#### PROBLEM DETAILS
Can you copy out the data exactly? Leave the images out.

(Scraped caption text data)
★ ★ ★
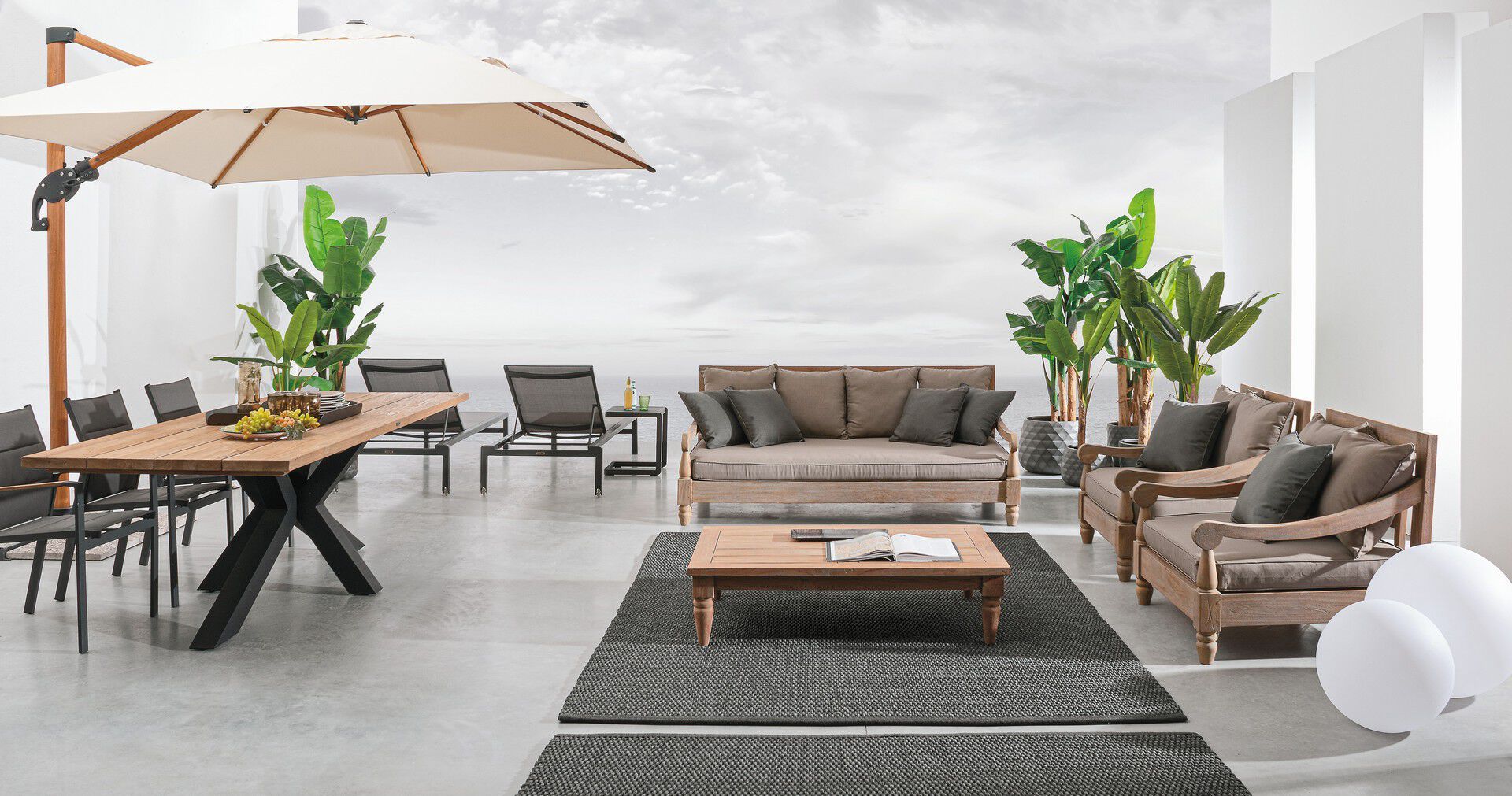 Прямоугольный садовый стол из тикового дерева BIZZOTTO Bali ARCH-00015376 - Вид №2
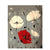 White And Red Abstract Flowers - Paint By Numbers Flowers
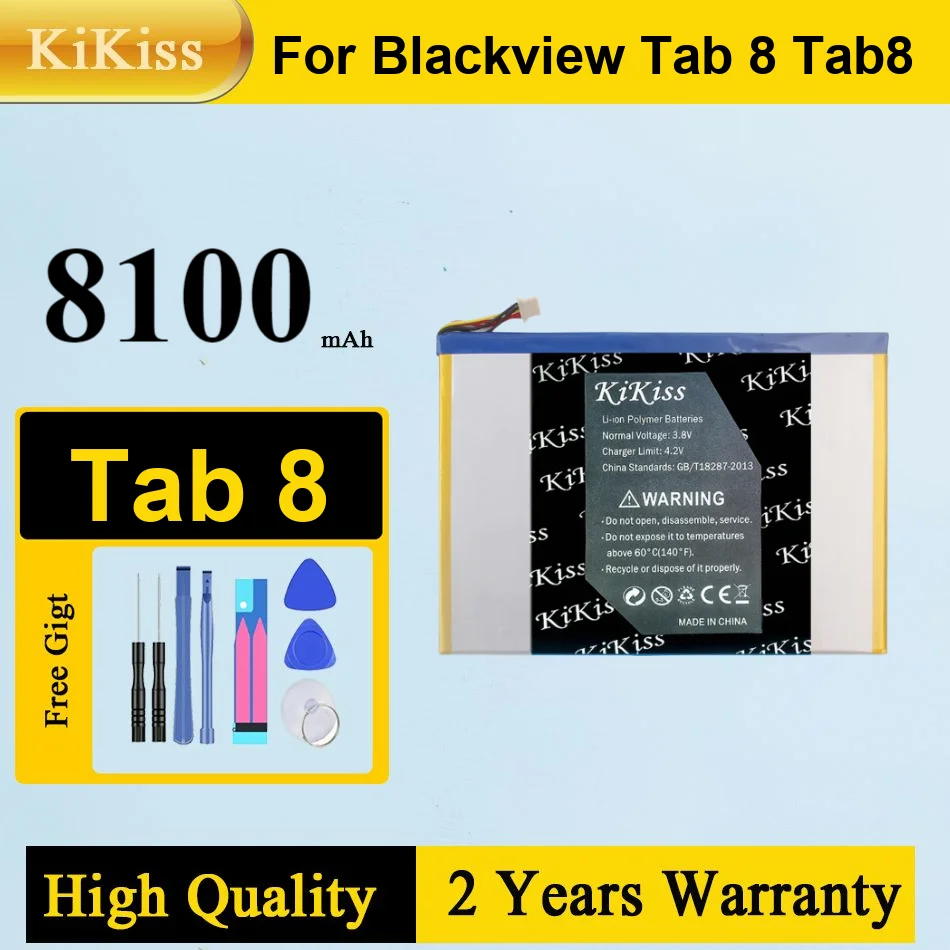 Перезаряжаемая прочная батарея для планшета Tab 8 8100 мАч для Blackview
Перезаряжаемая прочная батарея для планшета Tab 8 8100 мАч для Blackview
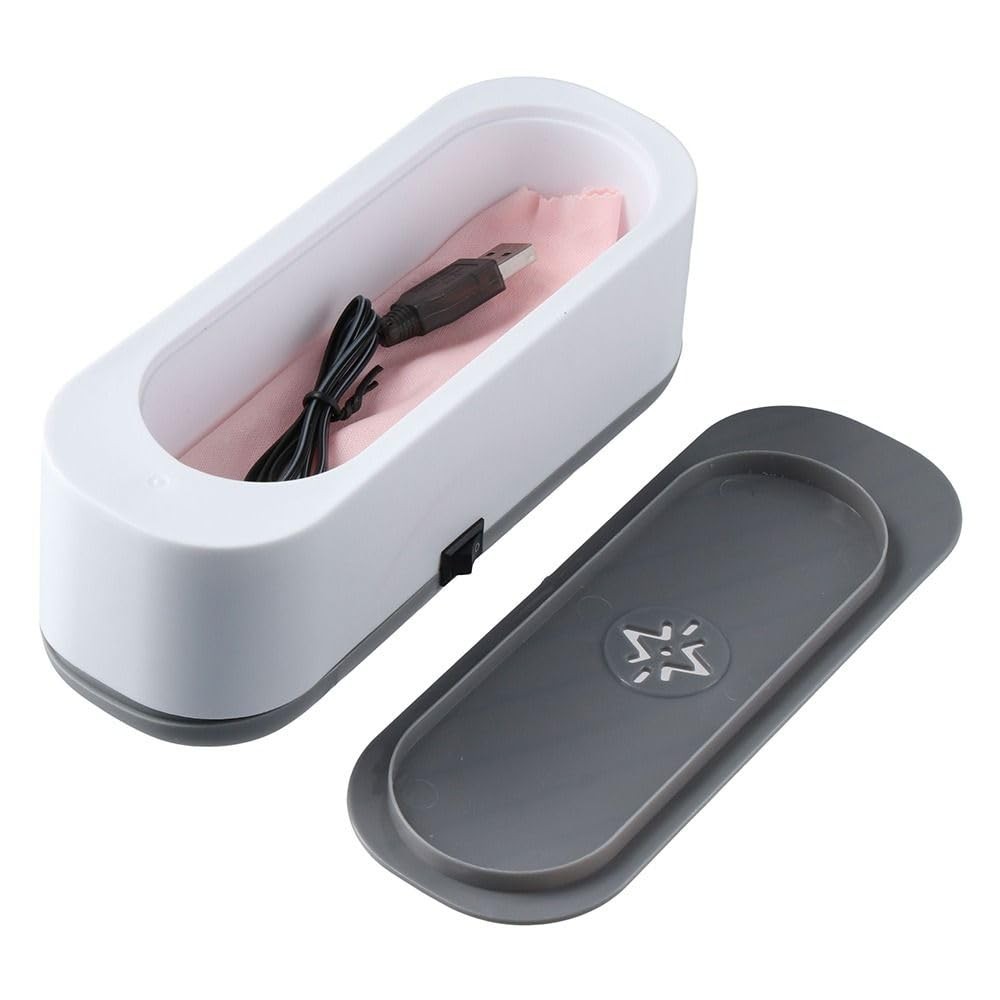 Ultrasonic Jewelry Cleaner,Home Mini Scaling Kit Cleaner,Light Wave Irradiati…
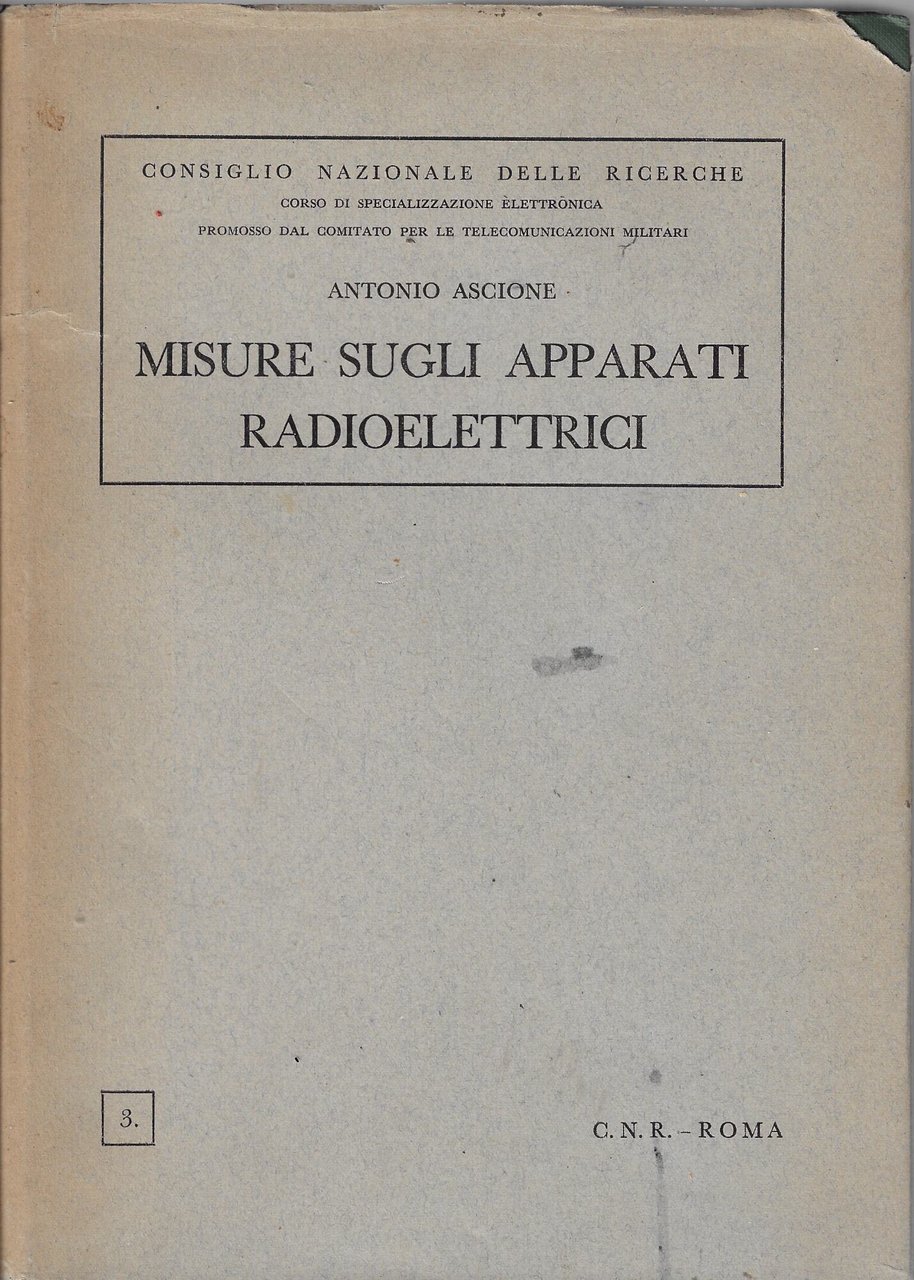 Misure sugli apparati radioelettrici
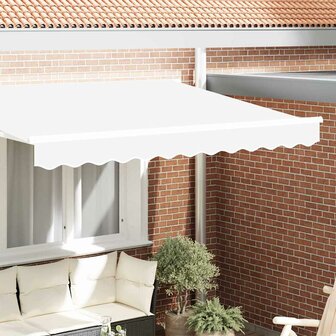 Luifeldoek volant Wit 330 x 20 cm Polyester 1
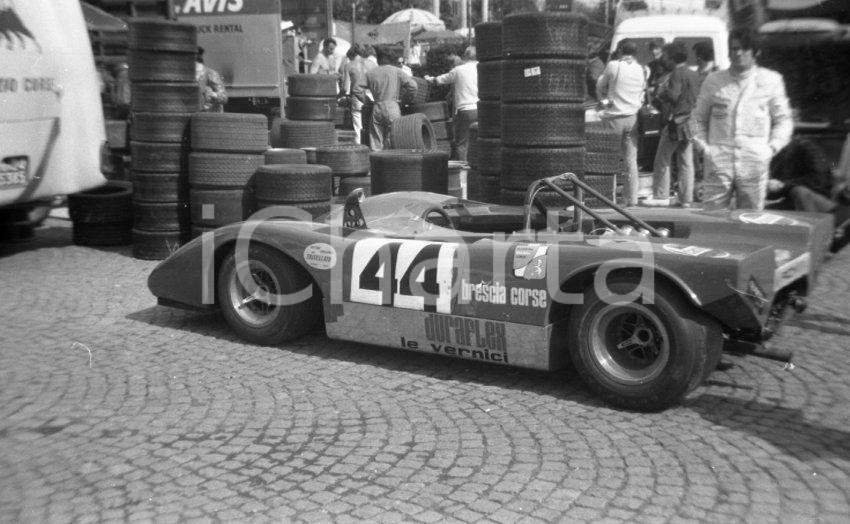 Fotografia d epoca originale 1971 MONZA Autodromo 1000 Chilometri Lola T212 Ford n. 44 NEGATIVO ORIGINALE 6 1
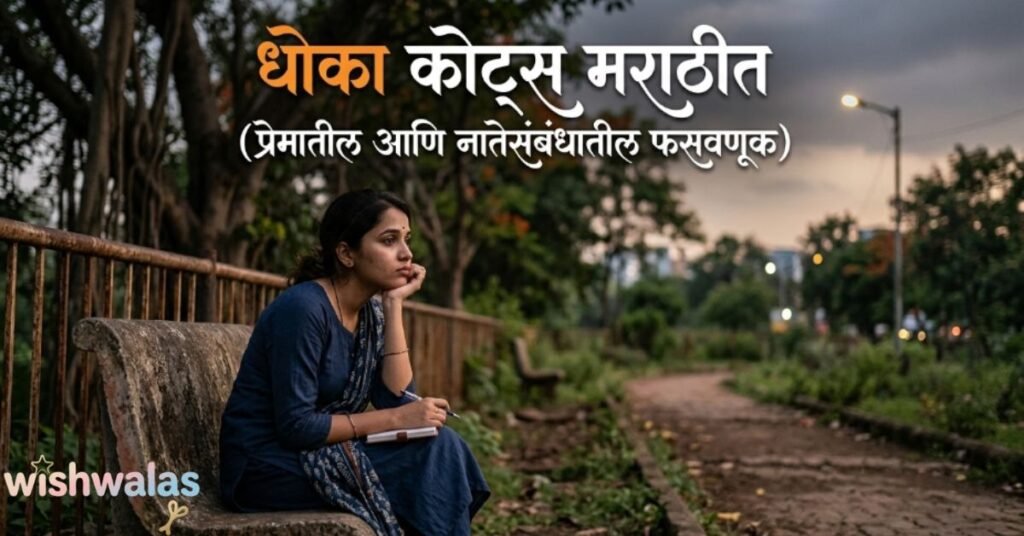 Dhoka Quotes in Marathi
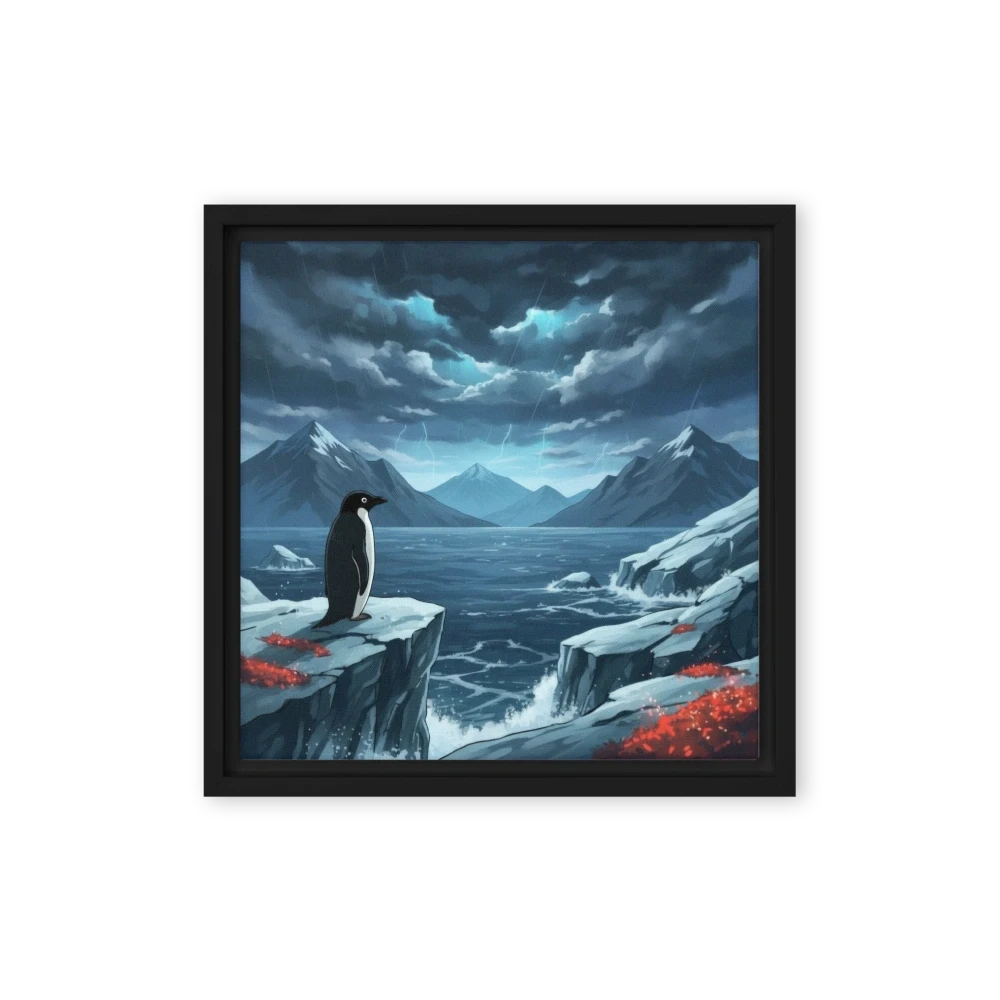 Stormwatch Penguin | Art Print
★ ★ ★
#### SOLUTION
 Прямоугольный садовый стол из тикового дерева BIZZOTTO Bali ARCH-00015376 - Вид №2
 White And Red Abstract Flowers - Paint By Numbers Flowers
 Перезаряжаемая прочная батарея для планшета Tab 8 8100 мАч для Blackview
Перезаряжаемая прочная батарея для планшета Tab 8 8100 мАч для Blackview
 Ultrasonic Jewelry Cleaner,Home Mini Scaling Kit Cleaner,Light Wave Irradiati…
 Misure sugli apparati radioelettrici
 Luifeldoek volant Wit 330 x 20 cm Polyester 1
 Fotografia d epoca originale 1971 MONZA Autodromo 1000 Chilometri Lola T212 Ford n. 44 NEGATIVO ORIGINALE 6 1
 Dhoka Quotes in Marathi
 Stormwatch Penguin | Art Print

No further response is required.